By the time i planted them out in their final position the next winter 2019/2020 i had 234 plants in total. This was partly due to the fact some never germinated and that when i came back from having left for a week 50 or so plants in my tunnel had been attacked, chewed and dug up from the crates by rodents, something i didn't anticipate.

I planted a wooden stick next to each plant to mark their position.

I planted them fairly close at about 2 meters distance in a random fashion. The hazelnuts, by the time i planted them, were between 3 inches and 3 feet tall. In retrospective it was a mistake to plant out the small ones, because they had a hard time growing. I underestimated the work of cutting the grass in between the hazelnuts. Throughout the year i cleaned the patch using a scythe.

I decided not to protect them individually, or to build a fence all around them, because it would have been quite expensive and meant a lot of work. So i had many plants grazed back by deer, but i sought strength in numbers for protection and also for breeding. If you want to create new varieties you kind of have to sow loads, to increase your chances, and with hazelnuts the deer hardly ever kill them, since they grow back from the roots.
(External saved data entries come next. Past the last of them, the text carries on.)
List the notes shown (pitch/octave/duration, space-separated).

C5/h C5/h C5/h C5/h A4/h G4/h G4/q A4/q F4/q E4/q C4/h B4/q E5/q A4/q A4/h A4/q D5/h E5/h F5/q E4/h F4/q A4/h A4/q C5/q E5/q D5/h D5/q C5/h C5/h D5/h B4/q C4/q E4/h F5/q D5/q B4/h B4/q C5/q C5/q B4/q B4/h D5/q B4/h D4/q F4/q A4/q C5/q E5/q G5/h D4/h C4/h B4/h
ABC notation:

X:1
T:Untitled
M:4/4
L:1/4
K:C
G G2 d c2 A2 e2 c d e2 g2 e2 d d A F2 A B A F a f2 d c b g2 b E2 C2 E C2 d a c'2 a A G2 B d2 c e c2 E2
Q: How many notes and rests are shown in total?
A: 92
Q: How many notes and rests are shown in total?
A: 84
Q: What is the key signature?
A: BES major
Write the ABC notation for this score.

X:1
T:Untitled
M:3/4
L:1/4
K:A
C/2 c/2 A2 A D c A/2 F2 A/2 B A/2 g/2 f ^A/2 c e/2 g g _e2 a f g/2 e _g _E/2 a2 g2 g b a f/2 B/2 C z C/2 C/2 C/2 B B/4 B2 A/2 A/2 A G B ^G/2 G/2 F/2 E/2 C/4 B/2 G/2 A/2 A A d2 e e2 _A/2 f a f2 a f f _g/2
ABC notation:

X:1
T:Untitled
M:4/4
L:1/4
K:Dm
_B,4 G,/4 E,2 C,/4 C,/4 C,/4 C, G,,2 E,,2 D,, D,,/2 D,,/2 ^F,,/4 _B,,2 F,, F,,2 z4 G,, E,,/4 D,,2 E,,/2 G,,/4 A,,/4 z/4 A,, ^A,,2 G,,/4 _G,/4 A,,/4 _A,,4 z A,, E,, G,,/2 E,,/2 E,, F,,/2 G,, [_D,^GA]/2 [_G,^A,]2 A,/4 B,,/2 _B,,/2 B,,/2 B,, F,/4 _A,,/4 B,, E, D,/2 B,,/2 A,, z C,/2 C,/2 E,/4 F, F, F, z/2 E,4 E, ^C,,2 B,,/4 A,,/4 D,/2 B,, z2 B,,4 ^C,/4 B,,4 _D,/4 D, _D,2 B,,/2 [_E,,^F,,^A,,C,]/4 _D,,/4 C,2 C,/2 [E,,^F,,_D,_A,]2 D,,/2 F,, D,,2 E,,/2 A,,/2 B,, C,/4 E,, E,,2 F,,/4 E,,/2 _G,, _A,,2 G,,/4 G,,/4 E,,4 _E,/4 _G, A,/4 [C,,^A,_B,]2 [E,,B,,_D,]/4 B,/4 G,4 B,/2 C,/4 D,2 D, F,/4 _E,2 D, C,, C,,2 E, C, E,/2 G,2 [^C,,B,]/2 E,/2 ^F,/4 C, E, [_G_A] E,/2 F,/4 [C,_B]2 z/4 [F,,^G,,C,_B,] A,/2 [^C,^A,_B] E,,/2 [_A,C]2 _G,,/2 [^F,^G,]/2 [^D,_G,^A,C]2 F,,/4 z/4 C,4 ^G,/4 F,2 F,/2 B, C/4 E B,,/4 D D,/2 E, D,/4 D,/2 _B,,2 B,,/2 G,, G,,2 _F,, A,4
I had a place where there had been a plastic tarp lying on the ground for two years. When i pulled it away there was beautiful weed-free soil. So i decided to plant 12 hazelnuts there, really close together,  in an attempt to emulate the mini big forest method of miyawaki. I planted those 12 hazels one foot apart and mulched them with hay. Eventhough i had planted small plants there they ended up being the biggest ones at the end of the year. The result was astounding.


One got chewed off at the base by a rodent so far. I hope it will send up a new shoot.


I stratified more seeds last winter and have enough now to get my plants up to 400. I told a friend about it and he said: "Wow, you will have a lot of rats!" And sure enough talking to my friend, who has the hazelnut orchard, he confirmed that it attracts rats. My initial idea was to plant 1000 seed-grown hazelnuts. But now that i have realized how much work it is to look after them, while they are small, and also being worried about attracting too many rats, i decided to leave it at around 400 plants.

Time will tell how many will make it and whether i will find some good new varieties among them.